This article addresses Pascal's Mugging, for information about this scenario see here.
I am going to attack the problem by breaking it up into two separate cases, one in which the mugger claims to be from a meta-world with large but finite resources, and one in which the mugger claims to be from a meta-world with unbounded resources. I will demonstrate that in both cases the mugging fails, for different reasons, and argue that much of the appeal of the mugging comes from the conflation of these two cases.
Large but finite resources
In this case, the mugger claims to be from a world with a bounded number of resources, but still large enough to torture n, e.g. n=3^^^^3, people.
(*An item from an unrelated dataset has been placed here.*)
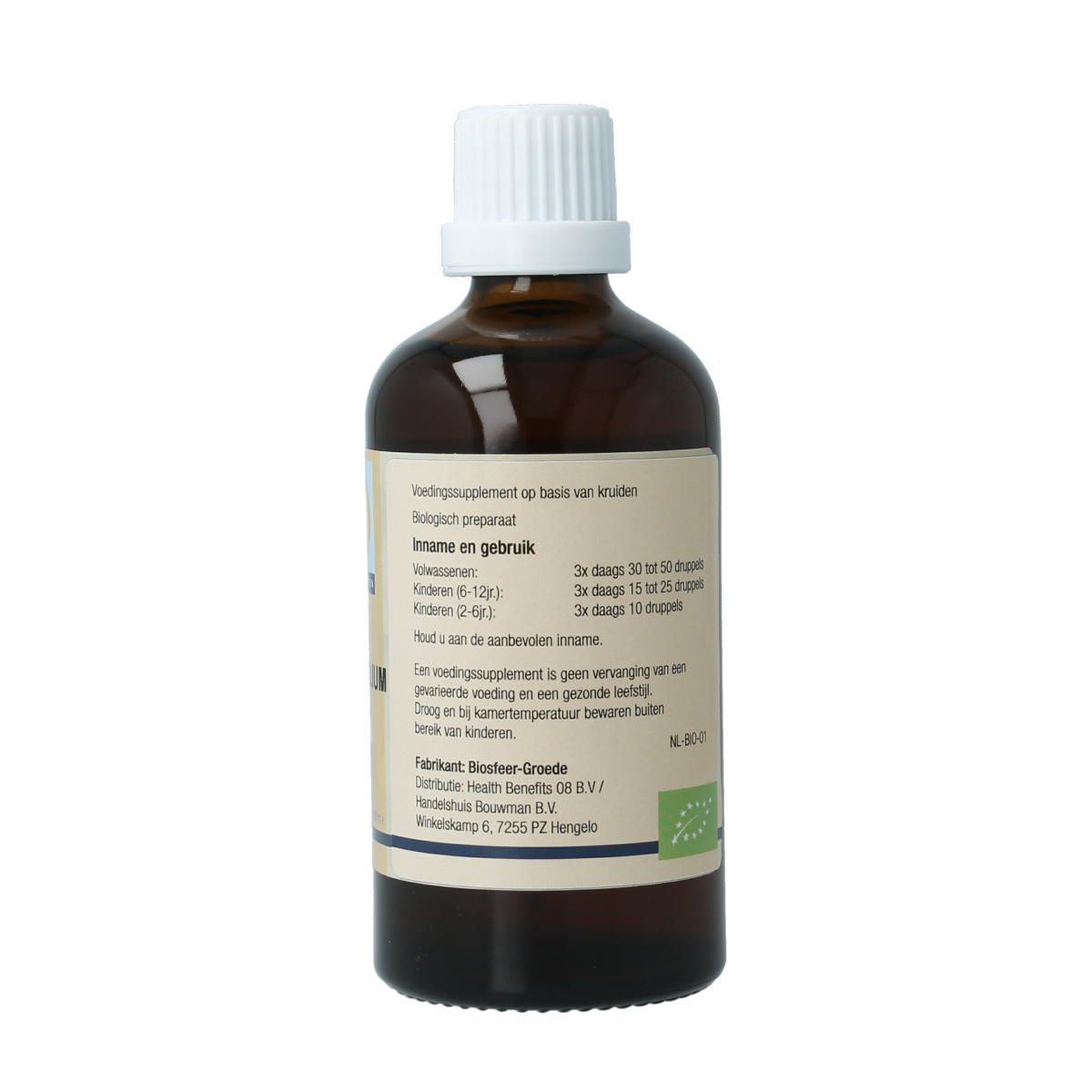 GO Ilex aquifolium 100.00 Milliliter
I will argue that the prior for such a world should be of the order of 1/n or lower, and in particular not 1/complexity(n). With a prior of 1/n or less, the mugging fails, because no matter how large a number the mugger claims, the likelihood of their claim being true decreases proportionally. Thus there need be no value for which the claim is more worrisome than implausible.
We're faced with uncertainty because the world the mugger claims to be from is outside our universe. We have no information on which to base our estimate of its size, other than that it is substantially bigger than our universe (at least in the case of a matrix-like simulating world this is necessary). However, that ignorance is also our strength, because a prior distribution in the face of ignorance of a scale exists, and that prior is 1/n.
The first reason not to use a complexity prior is that there is simply no reason to use one. What reason is there that a world with a particular finite number of resources would be more likely to be a computable size? If you were to guess the size of our universe, certainly you might round the number to the nearest power of 10, but not because you think a round number is more likely to be correct. A world of difficult to describe size is just as likely to exist as a world with a similar but easily describable size.
A critical point here is that the complexity of the world itself of size n is proportional to n, not complexity(n). In order for a computer program to model the behaviour of a world of size n, it does not suffice to just generate the number n itself. It needs to model the behaviour of every single one of those n elements that make up the world. Such a program would need memory of size n just to keep track of one time step. To say that such a world should be give a prior of 1/complexity(n) is to conflate complexity(n) with complexity(world(n)). If AIXI were to consider such a world, it would need to treat that world as having a complexity of n. Otherwise it would be like AIXI measuring the complexity of the size of the computer program that could generate its inputs, rather than measuring the complexity of the program itself.
You may have noticed that the 1/n prior is itself unnormalisable, due to its infinite integral (at both zero and towards infinity in this case). Ignorance priors all have this property of being "improper" priors, which cannot be normalised. They work because once you add a single piece of evidence, the resulting distribution can be normalised. Which raises the question: What is that additional evidence in this case?
Well, in the particular case of a matrix like simulating world, there's the one other piece of knowledge we have that it's large enough to simulate our universe. Aside from setting a lower bound (which helps with the infinite integral near zero but not out to infinity), you might then ask, given a world of a particular size, what are the chances that it would simulate a universe of specifically the size of ours. The number of alternatively sized universes which they could simulate is proportional to n for sufficiently large n, thus the chance of ours being the size it is becomes 1/n. Combined with the ignorance prior you reach 1/n^2, and now you can actually integrate and normalise.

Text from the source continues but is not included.